C'est le budget européen "le plus ambitieux jamais proposé", a souligné la présidente de la Commission européenne, Ursula von der Leyen.
Dans ce nouveau budget, la Commission érige clairement la compétitivité en priorité, à 451 milliards d'euros, confirmant le tournant pro entreprises de l'UE en pleines tensions commerciales avec les Etats-Unis de Donald Trump.
100 milliards pour Kiev
Trois ans après le déclenchement de la guerre en Ukraine, l'exécutif souligne aussi sa mobilisation en faveur de la défense, et promet une enveloppe de 100 milliards de soutien supplémentaire à Kiev de 2028 à 2034.

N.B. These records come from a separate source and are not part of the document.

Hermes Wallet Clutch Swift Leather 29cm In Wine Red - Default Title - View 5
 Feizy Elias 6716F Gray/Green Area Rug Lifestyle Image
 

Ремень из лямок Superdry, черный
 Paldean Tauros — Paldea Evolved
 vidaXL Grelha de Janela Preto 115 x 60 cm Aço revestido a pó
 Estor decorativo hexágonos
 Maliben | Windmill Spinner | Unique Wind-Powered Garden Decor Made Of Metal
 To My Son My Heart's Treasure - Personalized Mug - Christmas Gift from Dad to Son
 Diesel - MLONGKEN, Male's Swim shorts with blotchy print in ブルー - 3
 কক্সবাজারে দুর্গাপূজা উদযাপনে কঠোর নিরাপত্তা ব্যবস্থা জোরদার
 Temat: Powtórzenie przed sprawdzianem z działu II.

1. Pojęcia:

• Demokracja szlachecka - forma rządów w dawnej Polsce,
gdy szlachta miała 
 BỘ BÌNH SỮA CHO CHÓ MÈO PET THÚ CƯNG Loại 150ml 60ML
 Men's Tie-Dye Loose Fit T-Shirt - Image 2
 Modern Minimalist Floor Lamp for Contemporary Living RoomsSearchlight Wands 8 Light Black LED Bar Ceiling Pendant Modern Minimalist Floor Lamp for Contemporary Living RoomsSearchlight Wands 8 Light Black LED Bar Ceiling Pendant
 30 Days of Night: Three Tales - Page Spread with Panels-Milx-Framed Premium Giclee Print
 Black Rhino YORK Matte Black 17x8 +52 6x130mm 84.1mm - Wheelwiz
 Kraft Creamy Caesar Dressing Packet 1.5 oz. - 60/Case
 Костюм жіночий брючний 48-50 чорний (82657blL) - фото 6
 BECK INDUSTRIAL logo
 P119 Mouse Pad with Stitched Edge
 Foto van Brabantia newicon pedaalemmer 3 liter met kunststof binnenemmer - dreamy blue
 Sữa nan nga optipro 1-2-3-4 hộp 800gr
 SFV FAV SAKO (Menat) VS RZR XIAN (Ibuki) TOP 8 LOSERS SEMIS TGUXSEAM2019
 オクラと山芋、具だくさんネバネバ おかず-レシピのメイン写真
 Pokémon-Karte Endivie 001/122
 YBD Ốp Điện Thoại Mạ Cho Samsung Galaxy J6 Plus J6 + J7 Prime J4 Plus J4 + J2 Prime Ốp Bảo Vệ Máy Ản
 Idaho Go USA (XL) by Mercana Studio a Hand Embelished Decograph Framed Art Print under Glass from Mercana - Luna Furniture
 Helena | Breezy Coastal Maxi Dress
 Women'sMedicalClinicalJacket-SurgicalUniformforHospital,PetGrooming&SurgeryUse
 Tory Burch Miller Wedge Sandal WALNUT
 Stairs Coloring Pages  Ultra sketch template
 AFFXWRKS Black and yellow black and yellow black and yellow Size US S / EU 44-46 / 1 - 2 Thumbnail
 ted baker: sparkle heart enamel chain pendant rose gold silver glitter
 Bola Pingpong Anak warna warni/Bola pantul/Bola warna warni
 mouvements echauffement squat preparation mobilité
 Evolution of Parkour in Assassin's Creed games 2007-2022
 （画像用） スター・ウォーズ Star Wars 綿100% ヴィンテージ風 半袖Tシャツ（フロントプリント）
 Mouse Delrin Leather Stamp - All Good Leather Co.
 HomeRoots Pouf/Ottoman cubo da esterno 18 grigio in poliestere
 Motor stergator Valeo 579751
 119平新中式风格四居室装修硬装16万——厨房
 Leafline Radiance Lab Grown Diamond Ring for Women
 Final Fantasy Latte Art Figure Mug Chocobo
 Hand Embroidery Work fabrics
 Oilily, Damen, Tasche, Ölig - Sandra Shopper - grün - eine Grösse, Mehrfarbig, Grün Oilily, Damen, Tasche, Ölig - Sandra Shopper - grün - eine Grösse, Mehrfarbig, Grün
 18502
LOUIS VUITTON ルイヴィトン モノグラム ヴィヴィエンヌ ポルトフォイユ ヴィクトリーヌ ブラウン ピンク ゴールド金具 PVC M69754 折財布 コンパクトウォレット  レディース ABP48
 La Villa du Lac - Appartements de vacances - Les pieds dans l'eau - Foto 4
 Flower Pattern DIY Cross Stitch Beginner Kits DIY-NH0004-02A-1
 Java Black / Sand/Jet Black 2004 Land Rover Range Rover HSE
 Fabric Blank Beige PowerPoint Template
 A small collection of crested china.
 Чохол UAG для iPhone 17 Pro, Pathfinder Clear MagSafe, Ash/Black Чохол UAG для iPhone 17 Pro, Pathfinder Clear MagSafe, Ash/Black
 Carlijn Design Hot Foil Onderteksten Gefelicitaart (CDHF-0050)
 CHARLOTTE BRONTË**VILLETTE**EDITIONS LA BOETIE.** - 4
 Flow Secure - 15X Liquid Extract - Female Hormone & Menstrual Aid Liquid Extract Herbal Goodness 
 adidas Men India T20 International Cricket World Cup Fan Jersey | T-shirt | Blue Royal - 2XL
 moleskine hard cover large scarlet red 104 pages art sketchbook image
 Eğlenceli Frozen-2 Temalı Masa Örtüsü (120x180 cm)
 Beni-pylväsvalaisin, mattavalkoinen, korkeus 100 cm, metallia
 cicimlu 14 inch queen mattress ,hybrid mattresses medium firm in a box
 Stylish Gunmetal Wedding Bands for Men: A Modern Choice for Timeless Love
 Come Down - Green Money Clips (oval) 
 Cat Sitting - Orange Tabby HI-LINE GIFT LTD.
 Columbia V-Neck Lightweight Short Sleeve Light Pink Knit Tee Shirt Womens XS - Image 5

De quoi faire rugir le Premier ministre hongrois Viktor Orban. "L'Ukraine bénéficierait d'une aide financière massive, tandis que les agriculteurs européens seraient perdants", a fustigé le dirigeant nationaliste.
300 milliards pour les agriculteurs
Selon la Commission, 300 milliards d'euros seront consacrés aux "revenus des agriculteurs".
Dans le budget précédent, la PAC représentait 387 milliards d'euros, dont 270 milliards d'aides directes aux agriculteurs. Mais l'exécutif européen devrait proposer une nouvelle architecture budgétaire qui alarme les agriculteurs.
Le Copa-Cogeca, lobby des agriculteurs européens, a lancé les hostilités dès mercredi en organisant une marche de protestation, sans tracteurs, de quelques centaines de manifestants devant la Commission.
Casse-tête
Bruxelles donne ainsi le coup d'envoi de deux ans de négociations qui s'annoncent difficiles entre les 27. Il a fallu faire des choix tant l'équation budgétaire de l'UE relève du casse-tête.
Déjà exsangues, les Etats ne veulent pas mettre davantage dans le pot commun, à l'image de la France qui a indiqué mercredi, par la voix de l'entourage de la ministre des Comptes publics Amélie de Montchalin, qu'elle verserait moins que prévu en 2026. Ce, alors même que la liste des dépenses européennes ne cesse de s'allonger.
Le précédent budget, de 2021 à 2027, représentait 1200 milliards d'euros mais avait été complété par un plan de relance de 800 milliards pendant la crise Covid. Et l'augmentation proposée à l'avenir s'explique partiellement par le remboursement de l'emprunt européen contracté pendant la pandémie et par l'inflation.
La transformation de la politique agricole commune va être au coeur de la bataille.
"Nous reviendrons"
"Cette proposition est une provocation", "personne n'a intérêt à défier les agriculteurs européens, si ce message n'a pas été entendu, nous reviendrons", a prévenu le patron de la FNSEA Arnaud Rousseau, premier syndicat agricole français, lors de la manifestation à Bruxelles.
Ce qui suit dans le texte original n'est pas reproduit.